Q5. Why is it important to use the facial animation software?
This is important because the facial animation software depends on the model’s topology and its configuration files must be recomputed every time it is changed, which is hard to do on an automated basis.
Q6. How do the authors solve the structure-from-motion problem?
The authors have shown that by incorporating model-based constraints in the framework of bundle-adjustment, the authors are able to effectively tackle the structure-from-motion problem in a case where correspondences are difficult to establish.
Q7. How do the authors simulate the errors that can be expected from their stereo matcher?

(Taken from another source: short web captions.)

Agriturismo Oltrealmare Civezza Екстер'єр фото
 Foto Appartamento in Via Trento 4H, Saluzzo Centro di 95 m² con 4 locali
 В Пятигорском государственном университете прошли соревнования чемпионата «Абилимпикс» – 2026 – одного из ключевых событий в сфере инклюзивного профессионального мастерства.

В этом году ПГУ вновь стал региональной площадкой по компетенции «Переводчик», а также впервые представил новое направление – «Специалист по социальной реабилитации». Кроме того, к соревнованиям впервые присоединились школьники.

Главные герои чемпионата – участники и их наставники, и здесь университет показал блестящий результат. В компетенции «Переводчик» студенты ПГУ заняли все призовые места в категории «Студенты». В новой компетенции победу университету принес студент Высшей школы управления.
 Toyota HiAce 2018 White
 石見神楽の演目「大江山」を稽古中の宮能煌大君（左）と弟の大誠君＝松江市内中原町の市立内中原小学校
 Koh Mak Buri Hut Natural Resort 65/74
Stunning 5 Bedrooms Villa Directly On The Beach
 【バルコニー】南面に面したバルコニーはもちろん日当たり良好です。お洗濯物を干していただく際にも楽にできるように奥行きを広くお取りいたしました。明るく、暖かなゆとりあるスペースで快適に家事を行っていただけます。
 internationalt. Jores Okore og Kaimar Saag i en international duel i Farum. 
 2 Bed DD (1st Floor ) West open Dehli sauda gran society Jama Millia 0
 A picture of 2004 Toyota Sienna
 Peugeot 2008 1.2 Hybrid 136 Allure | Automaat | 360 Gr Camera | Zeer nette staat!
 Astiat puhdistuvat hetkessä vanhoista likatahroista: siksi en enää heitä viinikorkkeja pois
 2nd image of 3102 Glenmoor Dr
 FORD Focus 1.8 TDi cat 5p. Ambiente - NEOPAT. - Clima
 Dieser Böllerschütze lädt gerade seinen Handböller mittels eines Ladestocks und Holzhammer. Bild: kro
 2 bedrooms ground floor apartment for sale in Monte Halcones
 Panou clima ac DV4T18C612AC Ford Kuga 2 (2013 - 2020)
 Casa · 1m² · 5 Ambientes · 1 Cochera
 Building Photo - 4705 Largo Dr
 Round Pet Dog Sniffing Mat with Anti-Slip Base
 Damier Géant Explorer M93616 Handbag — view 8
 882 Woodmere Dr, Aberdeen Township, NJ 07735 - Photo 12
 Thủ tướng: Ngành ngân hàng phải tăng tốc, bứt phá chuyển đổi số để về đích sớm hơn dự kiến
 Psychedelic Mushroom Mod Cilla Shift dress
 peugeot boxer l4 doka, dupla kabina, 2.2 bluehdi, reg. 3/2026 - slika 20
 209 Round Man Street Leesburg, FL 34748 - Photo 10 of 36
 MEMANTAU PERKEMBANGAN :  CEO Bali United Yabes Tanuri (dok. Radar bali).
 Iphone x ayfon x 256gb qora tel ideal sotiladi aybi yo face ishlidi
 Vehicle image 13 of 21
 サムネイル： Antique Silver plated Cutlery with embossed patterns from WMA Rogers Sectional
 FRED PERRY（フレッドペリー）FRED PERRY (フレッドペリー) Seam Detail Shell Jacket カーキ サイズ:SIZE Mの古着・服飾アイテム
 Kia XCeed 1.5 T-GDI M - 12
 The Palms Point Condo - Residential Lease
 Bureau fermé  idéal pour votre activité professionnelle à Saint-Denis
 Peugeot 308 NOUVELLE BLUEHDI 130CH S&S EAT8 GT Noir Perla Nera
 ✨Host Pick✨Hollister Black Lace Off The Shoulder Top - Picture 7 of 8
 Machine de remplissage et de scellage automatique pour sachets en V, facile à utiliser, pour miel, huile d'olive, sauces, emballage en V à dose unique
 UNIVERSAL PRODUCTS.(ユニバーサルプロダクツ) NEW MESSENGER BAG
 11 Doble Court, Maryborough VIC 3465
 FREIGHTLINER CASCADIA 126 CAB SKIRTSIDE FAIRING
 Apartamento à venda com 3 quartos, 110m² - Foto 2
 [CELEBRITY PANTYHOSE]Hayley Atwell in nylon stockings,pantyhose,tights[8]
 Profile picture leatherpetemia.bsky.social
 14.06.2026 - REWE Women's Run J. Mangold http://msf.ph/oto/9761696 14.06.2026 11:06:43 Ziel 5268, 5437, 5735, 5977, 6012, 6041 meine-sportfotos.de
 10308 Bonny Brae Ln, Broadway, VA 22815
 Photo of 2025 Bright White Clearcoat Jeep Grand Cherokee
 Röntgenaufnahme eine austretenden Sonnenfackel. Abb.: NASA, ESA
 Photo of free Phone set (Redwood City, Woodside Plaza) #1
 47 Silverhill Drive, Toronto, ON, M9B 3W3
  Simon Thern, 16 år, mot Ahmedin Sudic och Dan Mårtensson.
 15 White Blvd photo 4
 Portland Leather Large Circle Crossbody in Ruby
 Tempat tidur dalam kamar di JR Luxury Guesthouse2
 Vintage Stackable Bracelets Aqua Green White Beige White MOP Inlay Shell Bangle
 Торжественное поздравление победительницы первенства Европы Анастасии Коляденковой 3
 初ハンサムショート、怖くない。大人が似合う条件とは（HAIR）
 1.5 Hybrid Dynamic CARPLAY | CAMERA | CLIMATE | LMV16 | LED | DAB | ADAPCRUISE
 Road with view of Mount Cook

To simulate the errors that can be expected from their stereo matcher, the authors corrupt these projections by adding two kinds of noise:1. White noise with variance σnoise ∈ {0.5pixel, 1.0pixel}.
Q8. Why is the f value only approximate?
It is only approximate because, CamCal, in effect, can also trade changes in the value of f against changes of the estimated distance of the camera to the calibration grid it uses.
Q9. How do the authors increase the robustness of the standard procedure?
To increase the robustness of their algorithm, the authors augment the standard procedure in two ways:1. Iterative reweighted least squares.
Q10. How do the authors estimate the positions and orientations of the two images on either side of the central?
To estimate the positions and orientations for the two images on either side of the central image, the authors begin by retriangulating the surface of the generic face model of Figure 3(a,b) to produce the regular mesh depictedby Figure 3(c,d) that the authors call the bundle-adjustment triangulation.
Q11. What is the way to estimate pose from the head?
In the case of head tracking, a generic 2–D face model can be used to estimate roughly estimate pose from appearance [Lanitis et al., 1995].